**Requirement:** Return the entries exactly. Images are not part of the copy.

**Task data:**
========================================================================

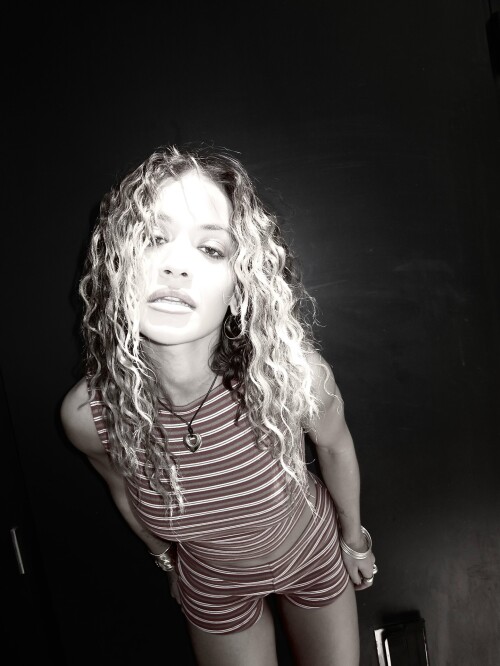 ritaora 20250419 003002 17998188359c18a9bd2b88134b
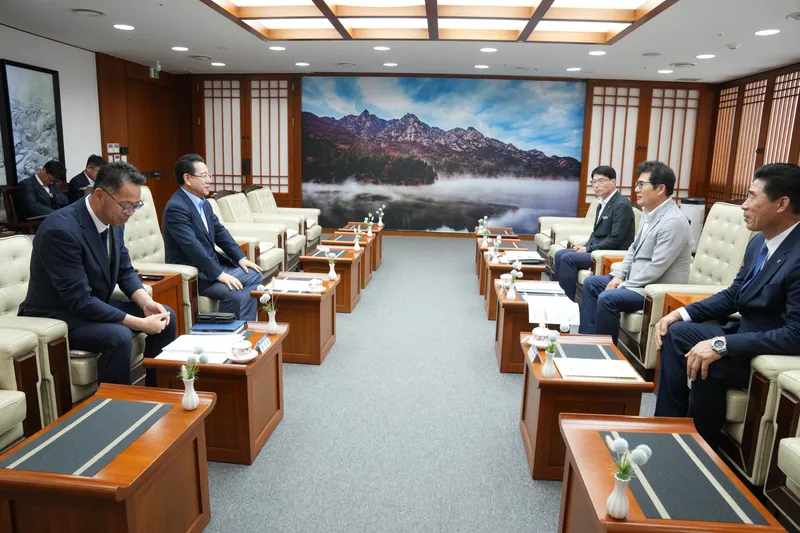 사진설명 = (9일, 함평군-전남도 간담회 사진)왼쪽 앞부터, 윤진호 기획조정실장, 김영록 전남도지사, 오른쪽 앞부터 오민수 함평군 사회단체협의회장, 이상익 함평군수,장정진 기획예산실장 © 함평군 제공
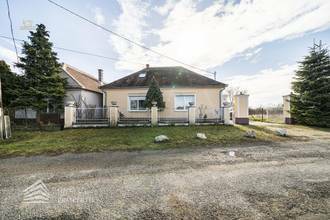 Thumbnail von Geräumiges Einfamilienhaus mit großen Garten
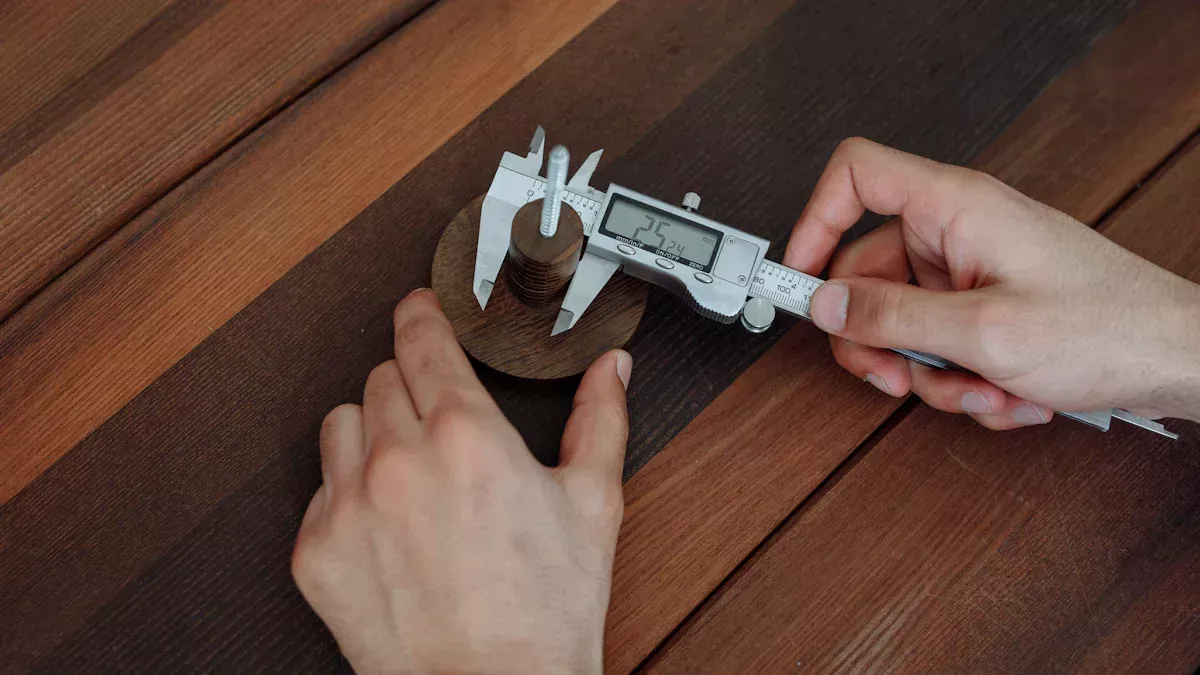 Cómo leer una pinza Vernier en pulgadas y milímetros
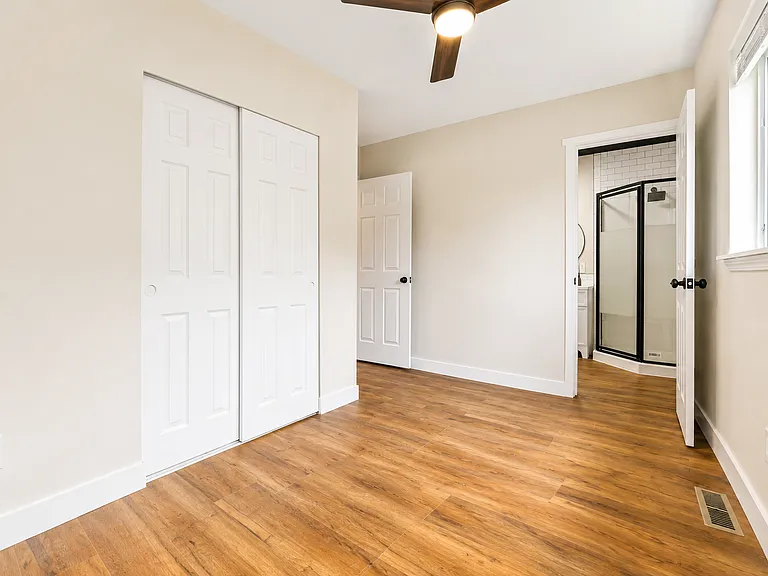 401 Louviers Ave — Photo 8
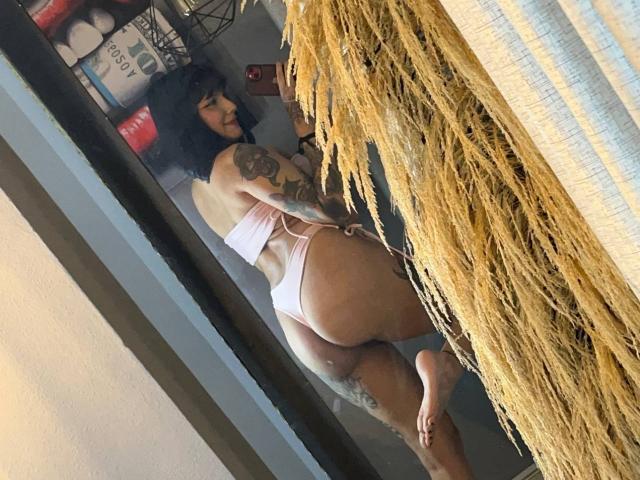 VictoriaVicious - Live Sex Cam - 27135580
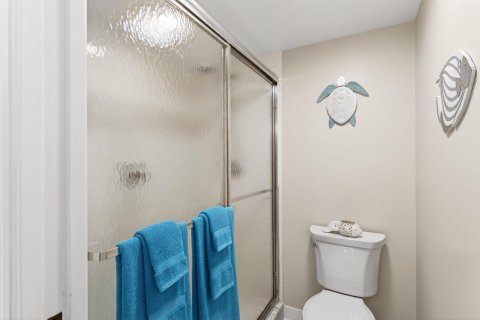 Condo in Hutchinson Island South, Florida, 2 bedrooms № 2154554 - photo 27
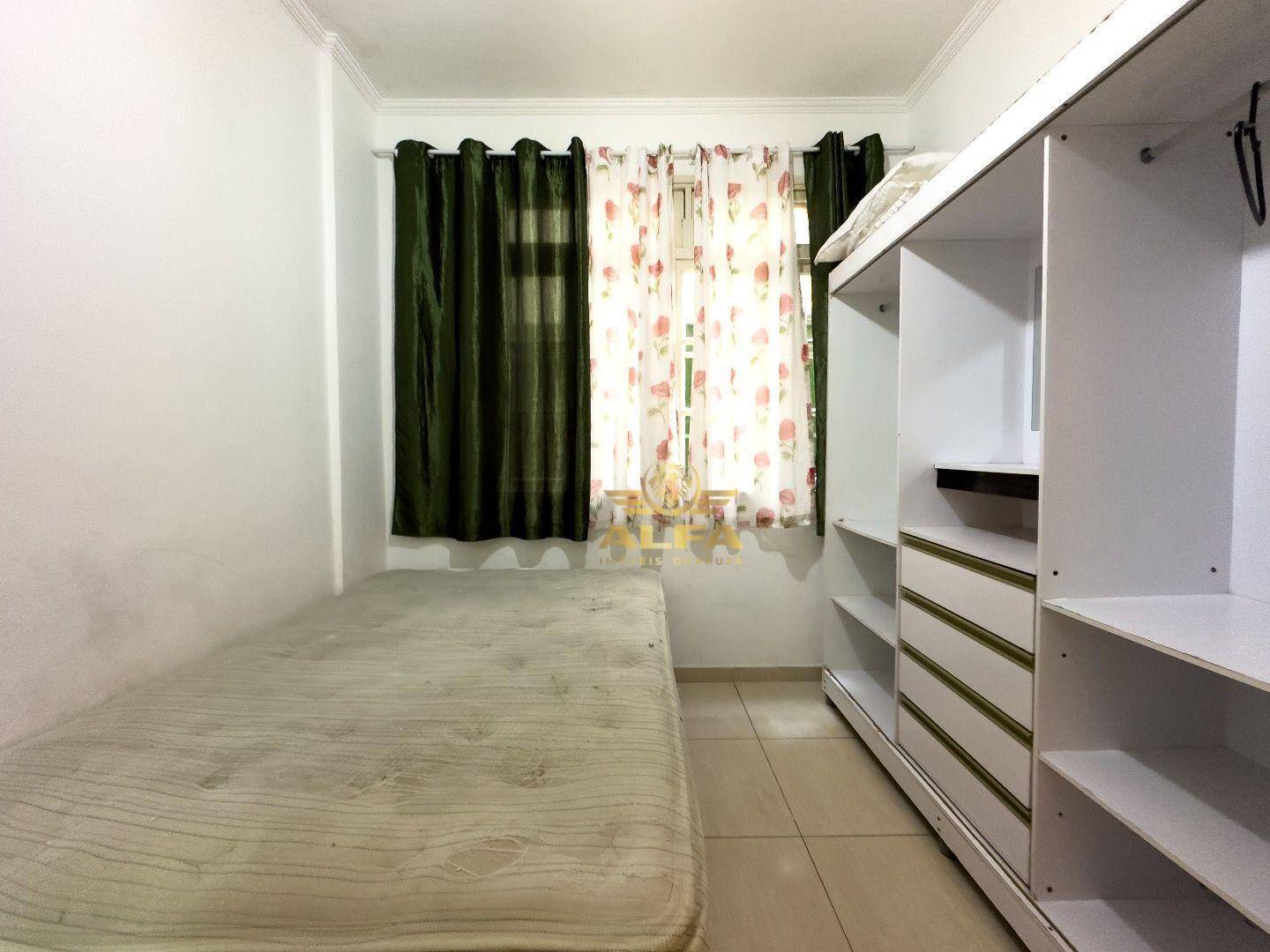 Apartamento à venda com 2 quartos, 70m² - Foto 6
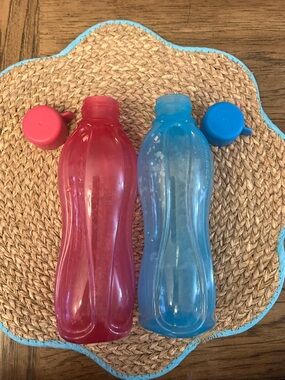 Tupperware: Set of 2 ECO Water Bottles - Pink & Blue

========================================================================

**Response:**
 ritaora 20250419 003002 17998188359c18a9bd2b88134b
 사진설명 = (9일, 함평군-전남도 간담회 사진)왼쪽 앞부터, 윤진호 기획조정실장, 김영록 전남도지사, 오른쪽 앞부터 오민수 함평군 사회단체협의회장, 이상익 함평군수,장정진 기획예산실장 © 함평군 제공
 Thumbnail von Geräumiges Einfamilienhaus mit großen Garten
 Cómo leer una pinza Vernier en pulgadas y milímetros
 401 Louviers Ave — Photo 8
 VictoriaVicious - Live Sex Cam - 27135580
 Condo in Hutchinson Island South, Florida, 2 bedrooms № 2154554 - photo 27
 Apartamento à venda com 2 quartos, 70m² - Foto 6
 Tupperware: Set of 2 ECO Water Bottles - Pink & Blue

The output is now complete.